(Work required)
Among the entries below, the lines from the one with "Express By Marriott Aeropuerto Hotel 3*" up to and including the one with "In nan 200.0" are to be restated exactly, without pictures.

***** The data *****

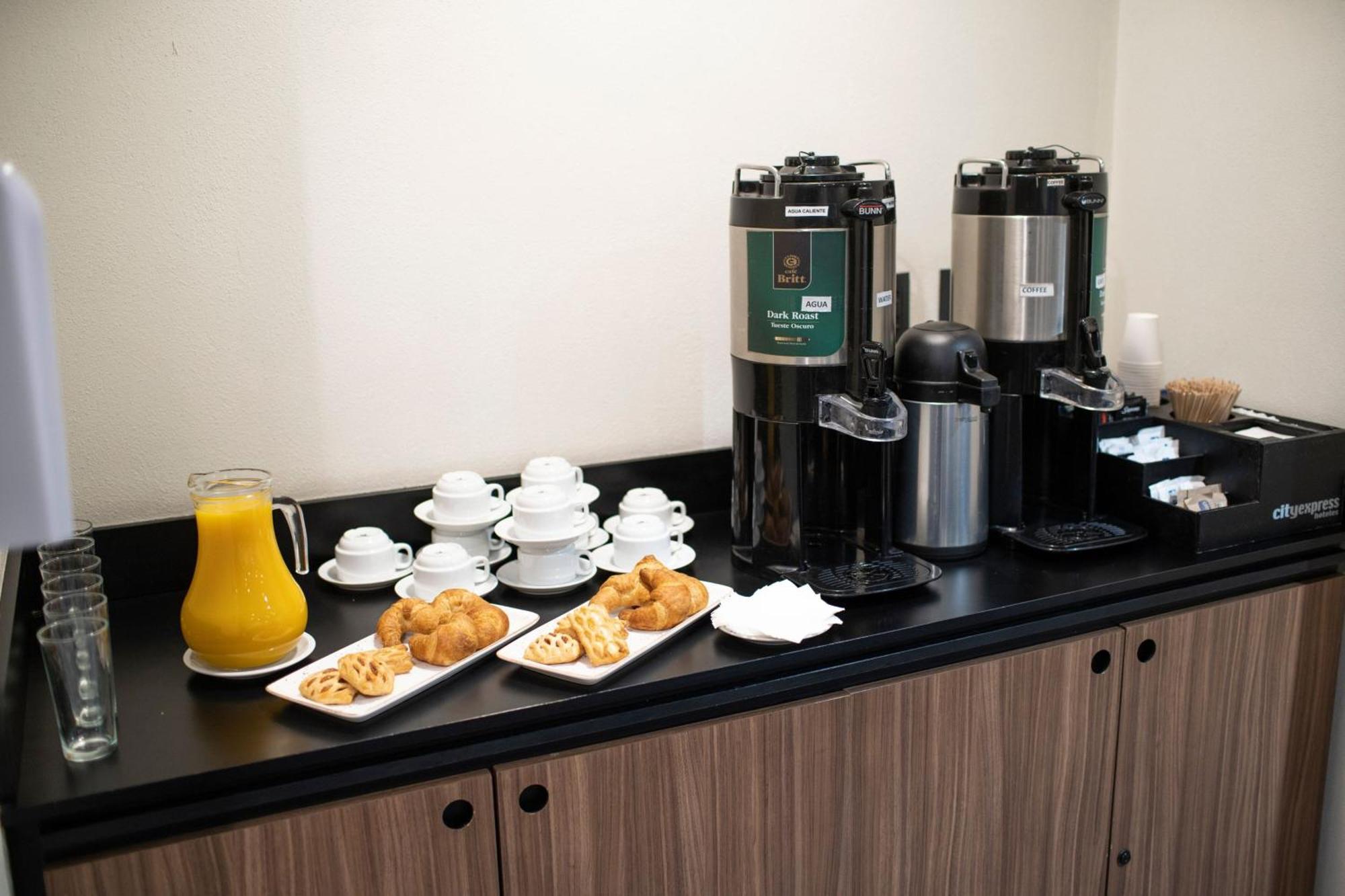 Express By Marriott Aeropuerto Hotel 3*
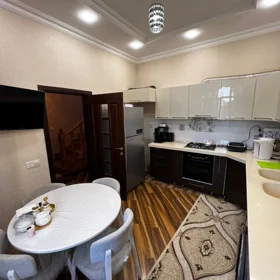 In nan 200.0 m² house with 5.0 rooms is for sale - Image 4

*****
***** The data *****

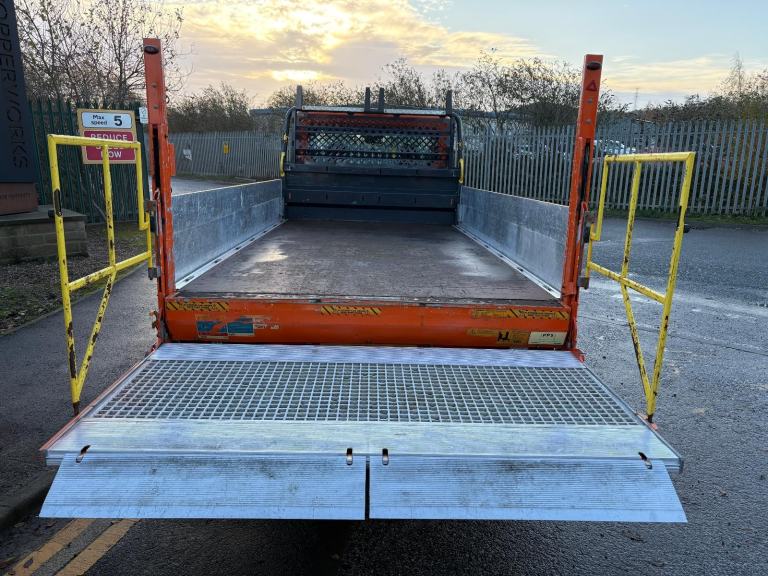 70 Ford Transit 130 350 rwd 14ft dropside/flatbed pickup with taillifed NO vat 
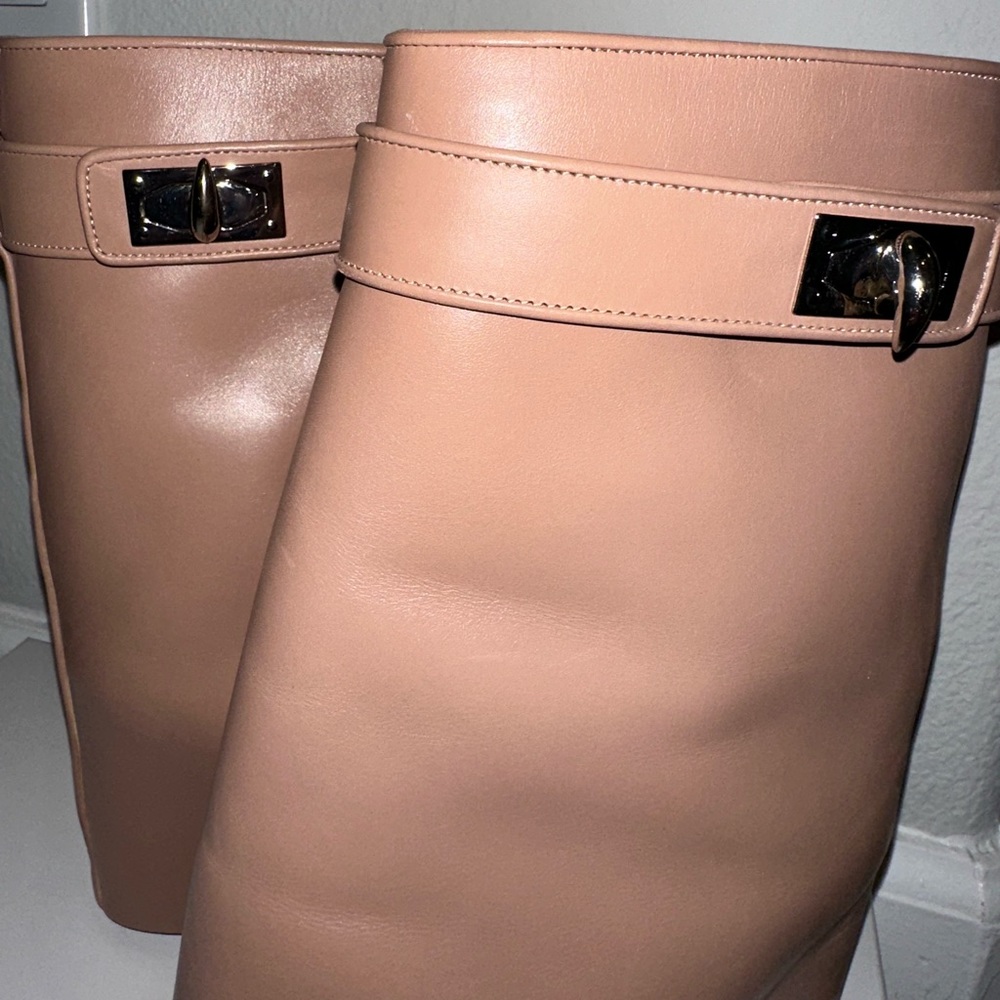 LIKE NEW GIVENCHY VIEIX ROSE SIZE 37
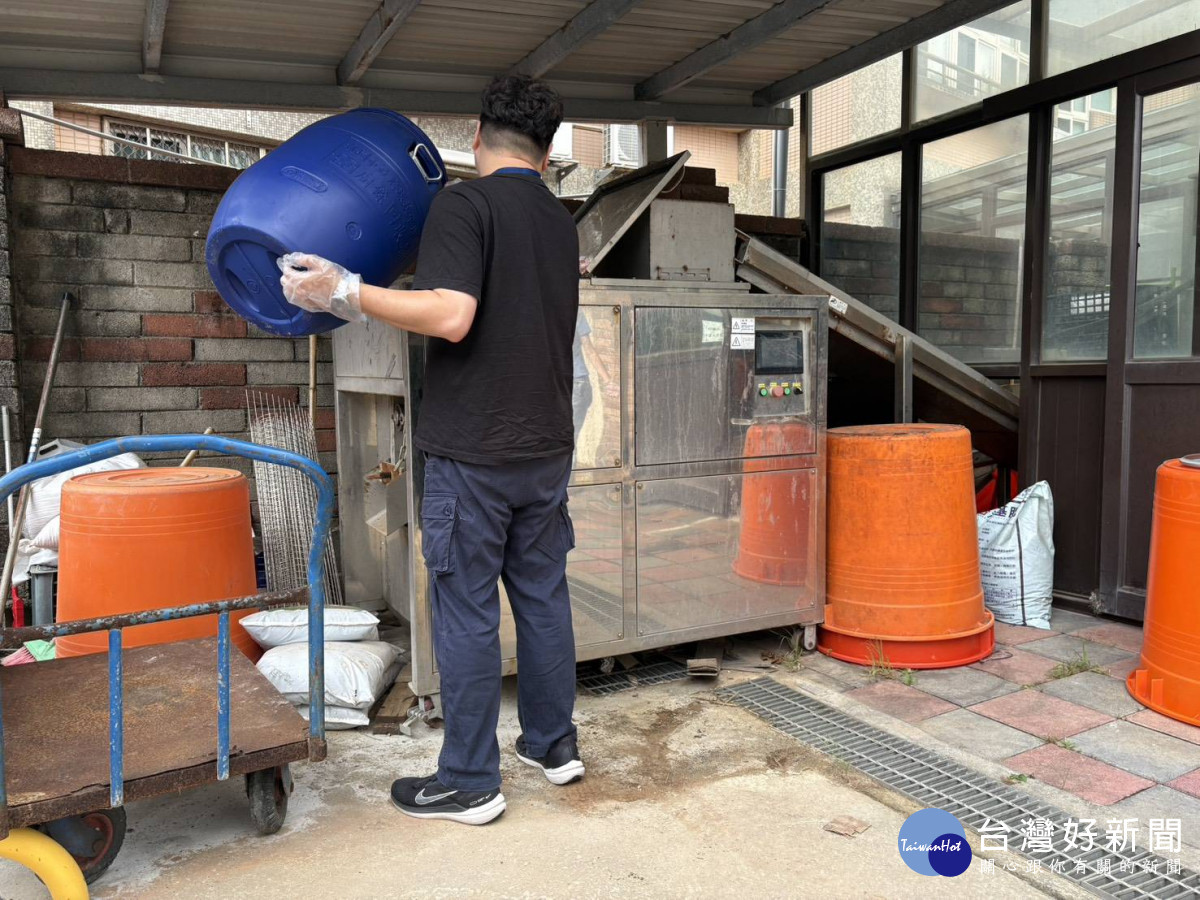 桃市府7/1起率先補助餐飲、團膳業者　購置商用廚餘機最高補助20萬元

*****

(Reply)
 Express By Marriott Aeropuerto Hotel 3*
 In nan 200.0 m² house with 5.0 rooms is for sale - Image 4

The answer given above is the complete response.